The vein examined most closely by Opportunity is about the width of a human thumb (0.4 to 0.8 inch), 16 to 20 inches long, and protrudes slightly higher than the bedrock on either side of it. Observations by the durable rover reveal this vein and others like it within an apron surrounding a segment of the rim of Endeavour Crater. None like it were seen in the 20 miles (33 kilometers) of crater-pocked plains that Opportunity explored for 90 months before it reached Endeavour, nor in the higher ground of the rim. Last month, researchers used the Microscopic Imager and Alpha Particle X-ray Spectrometer on the rover's arm and multiple filters of the Panoramic Camera on the rover's mast to examine the vein, which is informally named "Homestake." The spectrometer identified plentiful calcium and sulfur, in a ratio pointing to relatively pure calcium sulfate.

Calcium sulfate can exist in many forms, varying by how much water is bound into the minerals' crystalline structure. The multi-filter data from the camera suggest gypsum, a hydrated calcium sulfate. On Earth, gypsum is used for making drywall and plaster of Paris. Observations from orbit have detected gypsum on Mars previously. A dune field of windblown gypsum on far northern Mars resembles the glistening gypsum dunes in White Sands National Monument in New Mexico.

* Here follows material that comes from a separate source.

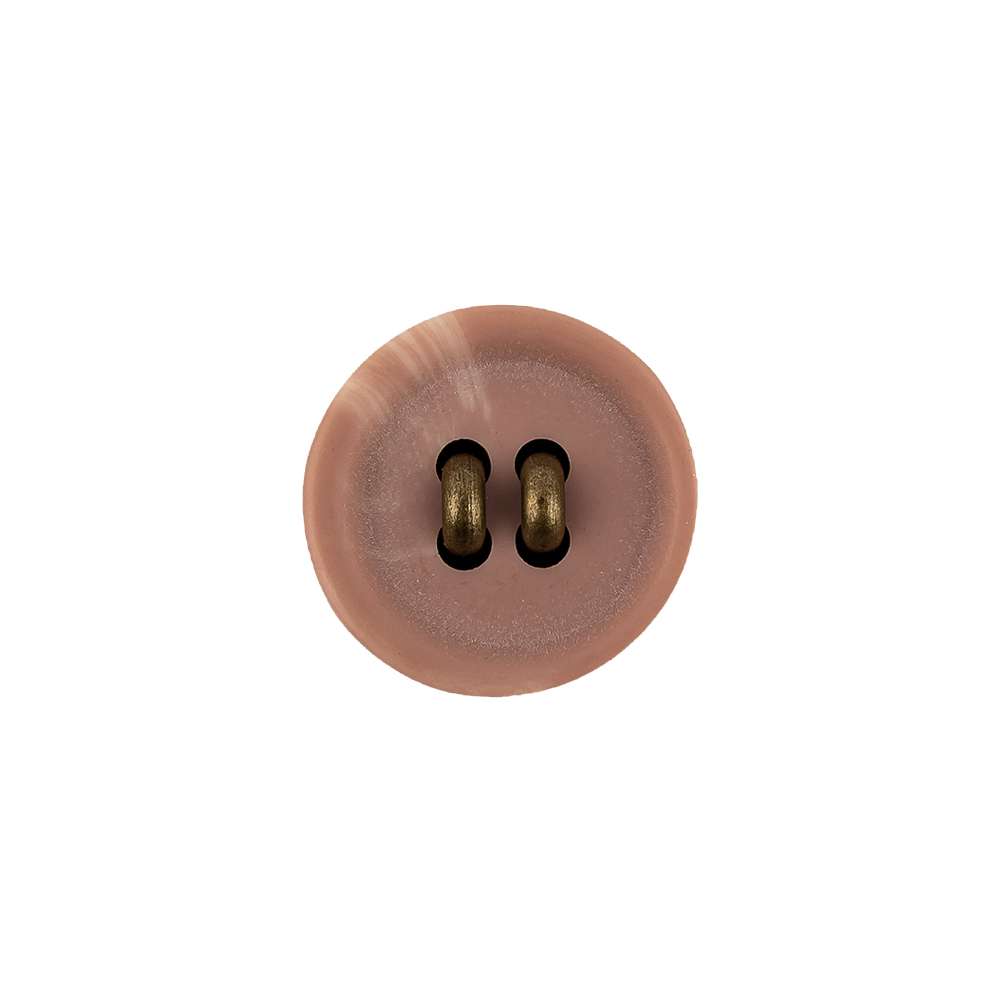 Rose Prove and Brass Shallow Plate Plastic and Metal Shank Back Button – 24L/15mm Rose Prove and Brass Shallow Plate Plastic and Metal Shank Back Button – 24L/15mm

"It is a mystery where the gypsum sand on northern Mars comes from," said Opportunity science-team member Benton Clark of the Space Science Institute in Boulder, Colo. "At Homestake, we see the mineral right where it formed. It will be important to see if there are deposits like this in other areas of Mars." The Homestake deposit, whether gypsum or another form of calcium sulfate, likely formed from water dissolving calcium out of volcanic rocks. The minerals combined with sulfur either leached from the rocks or introduced as volcanic gas, and was deposited as calcium sulfate into an underground fracture that later became exposed at the surface.

Throughout Opportunity's long traverse across Mars' Meridiani plain, the rover has driven over bedrock composed of magnesium, iron and calcium sulfate minerals that also indicate a wet environment billions of years ago. The highly concentrated calcium sulfate at Homestake could have been produced in conditions more neutral than the harshly acidic conditions indicated by the other sulfate deposits observed by Opportunity. "It could have formed in a different type of water environment, one more hospitable for a larger variety of living organisms," Clark said.

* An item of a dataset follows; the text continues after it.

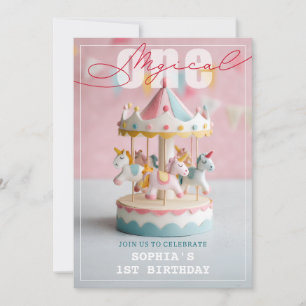 Invitation Premier anniversaire magique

Homestake and similar-looking veins appear in a zone where the sulfate-rich sedimentary bedrock of the plains meets older, volcanic bedrock exposed at the rim of Endeavour. That location may offer a clue about their origin. "We want to understand why these veins are in the apron but not out on the plains," said the mission's deputy principal investigator, Ray Arvidson, of Washington University in St. Louis. "The answer may be that rising groundwater coming from the ancient crust moved through material adjacent to Cape York and deposited gypsum, because this material would be relatively insoluble compared with either magnesium or iron sulfates."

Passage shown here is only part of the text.